Honeypot Cult Article: Data Lake life: Going from Zero to Two Billion Rows of Data in Six Months
Published on 2020-10-13
6 min read
This article was authored as a contribution to the Honeypot Cult community - you can read it there too!
Upon graduating from James Madison University in the states, I continued my early career in GE Healthcare’s Information Technology Leadership Program (ITLP). The program develops young professionals into next-generation leaders at GE through on the job training, leadership experiences, and mentorship from top professionals.
Every six months over the program’s two-year span, I rotated onto a new team and new project within the IT organization. I, along with my fellow program members, was expected to ramp up quickly and deliver on commitments by the end of each rotation. The program allowed us to experiment with different types of roles and technology to find potential long-term career interests.
This program wasn’t unique to GE Healthcare; it was part of every business within GE’s portfolio, such as GE Aviation or GE Power, with members representing their businesses in different locations. Typically, program members started at and graduated from the same business where they took on their first after program role.
A unique opportunity came up during my second rotation. If I accepted, my 3rd rotation would be in Cincinnati, OH for six months as part of the GE Aviation business, allowing me to meet new people, learn a new business, and venture to a new city.
I was ecstatic to accept!
Originally, my role in GE Aviation was focused on project management to implement technology at various manufacturing shops – this quickly changed when arriving on my first day.
Instead of one program member aligned to one project, a group of us would be part of a team of teams experiment.

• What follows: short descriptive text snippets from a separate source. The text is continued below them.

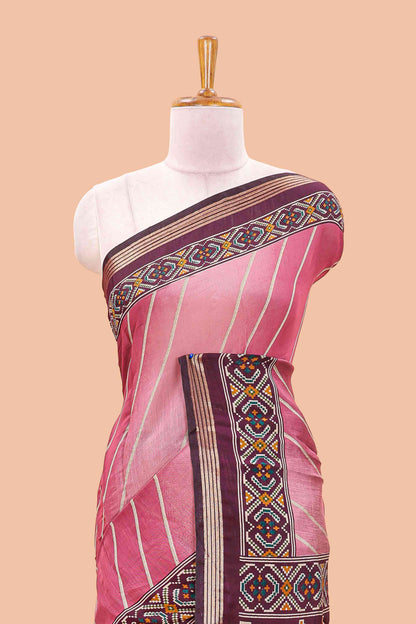 Pink chanderi cotton saree featuring diagonal stripes and ikkat print pallu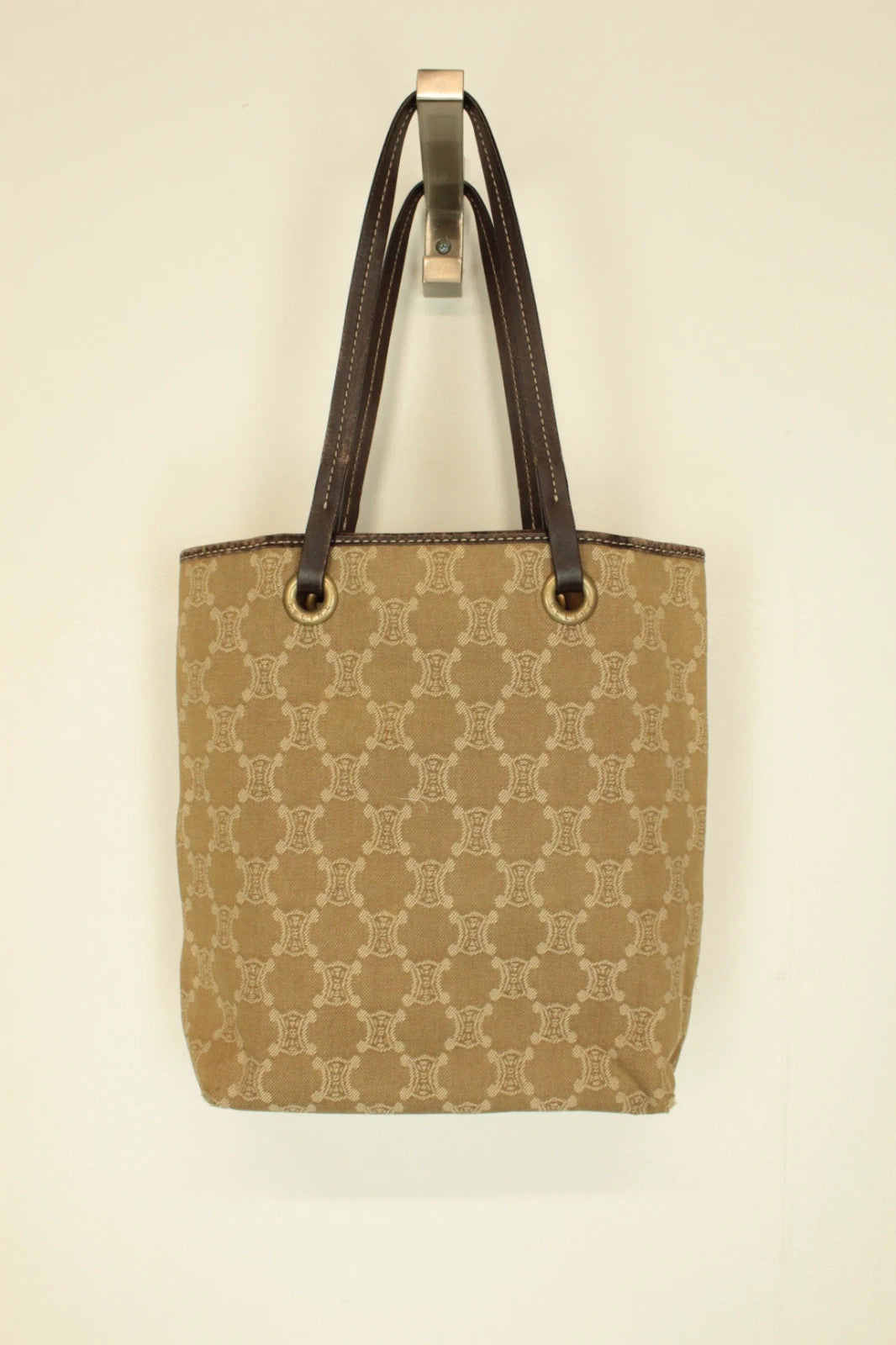 Celine beige and brown tote bag with Triomphe monogram canvas and leather trim.
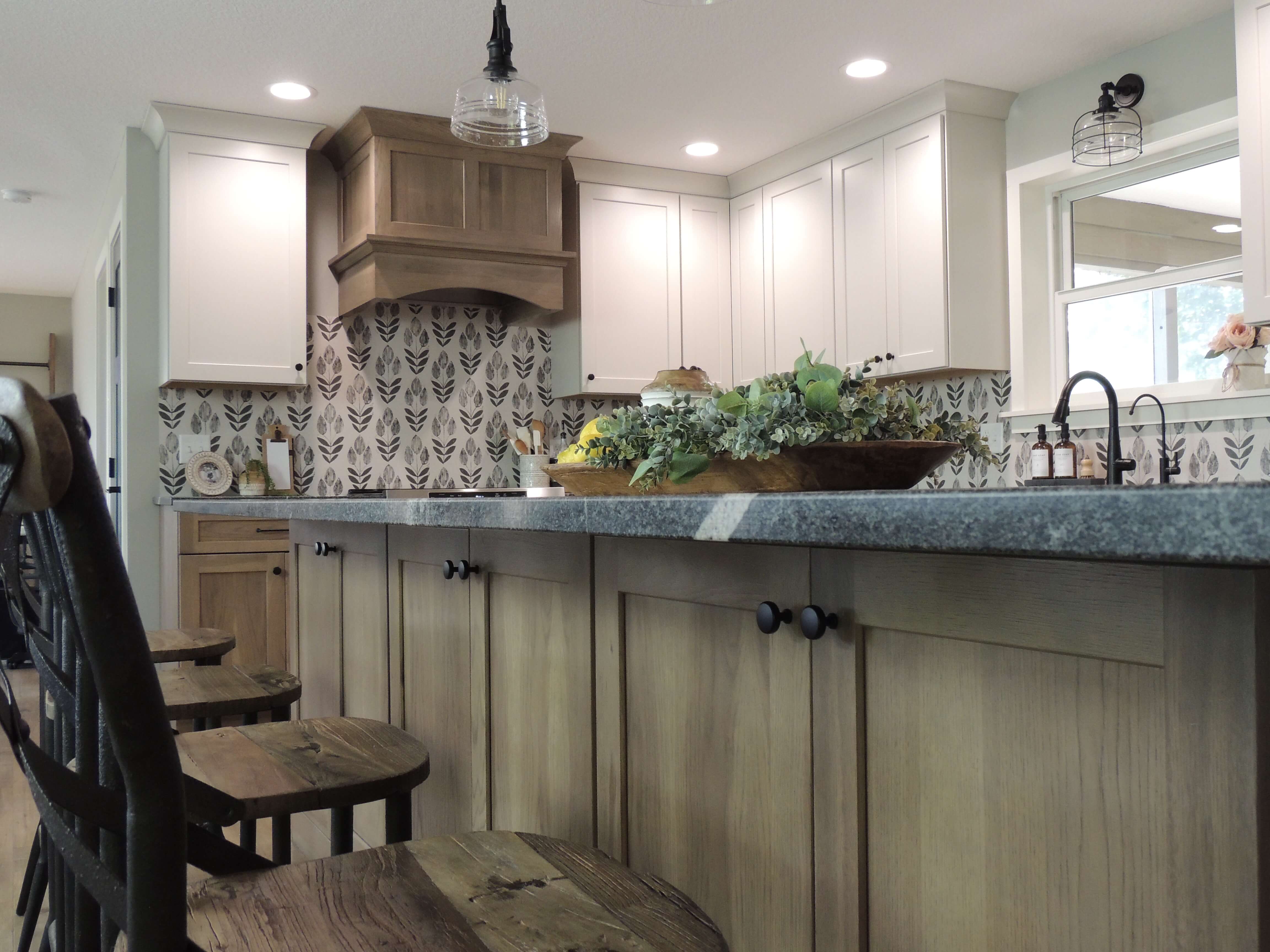 A view of the new remodeled kitchen from the kitchen island showing the contrasting wood hood and wall cabinets.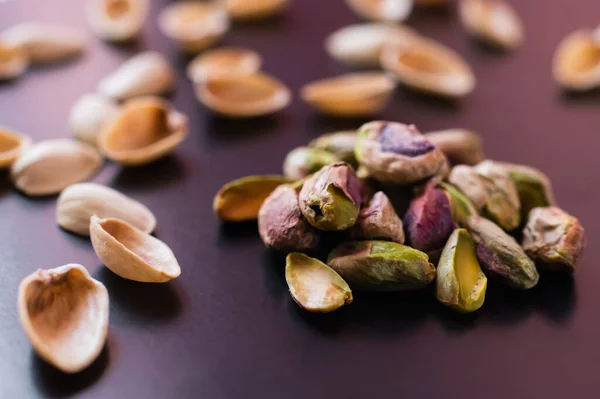 Primer plano de cáscaras de nuez y pistachos verdes salados en negro - foto de stock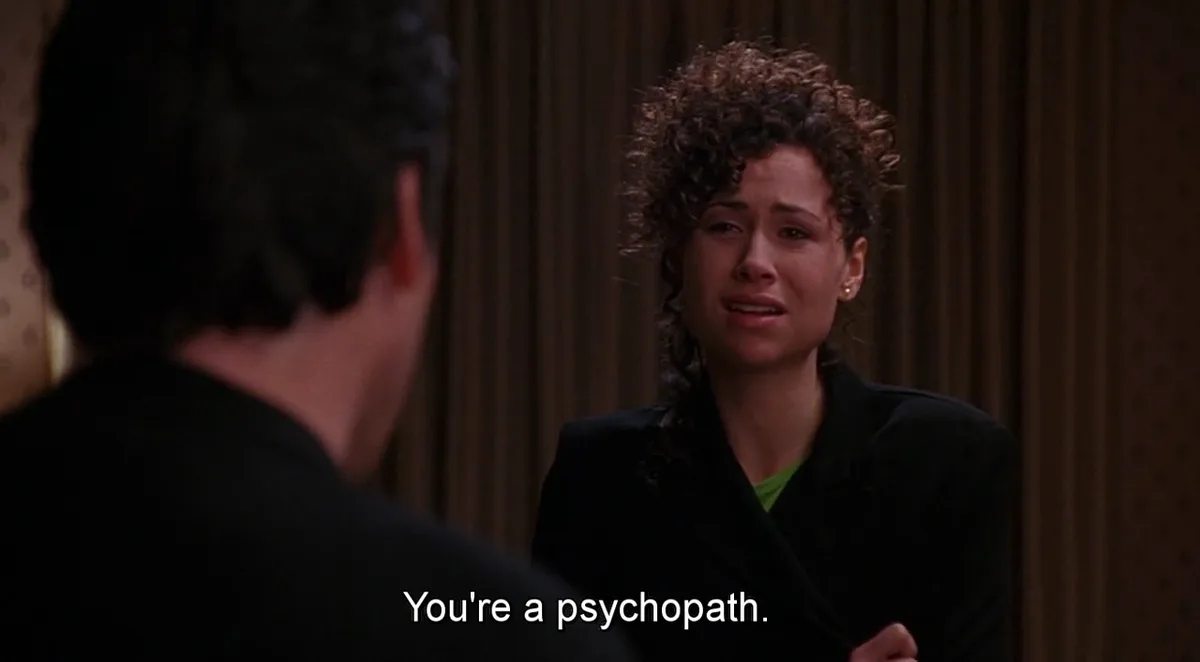 A woman with curly hair, wearing a black blazer over a green shirt, is visibly crying while facing a man whose back is to…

Six members of the IT Leadership Program would work with members of the Operations Leadership Program (OMLP) as part of a larger project effort. With leadership support, we were tasked with revamping the data lake processes to ingest manufacturing system data – as quickly and efficiently as possible.
That was all that we knew and all that we were told that day.
We understood that there was a large amount of work and not much knowledge about how to do it yet. We didn’t know our operating mechanisms, our contacts, or priorities – only that they would come soon.
Immediately we had questions.
- What has been done before?
- Where does the data come from?
- How are we going to manage work?
- How can we assign tasks?
- How can we keep leadership informed and let them prioritize effectively?
The answers led us into our storming stage, where we decided on using the scrum methodology to manage tasks and roadmap.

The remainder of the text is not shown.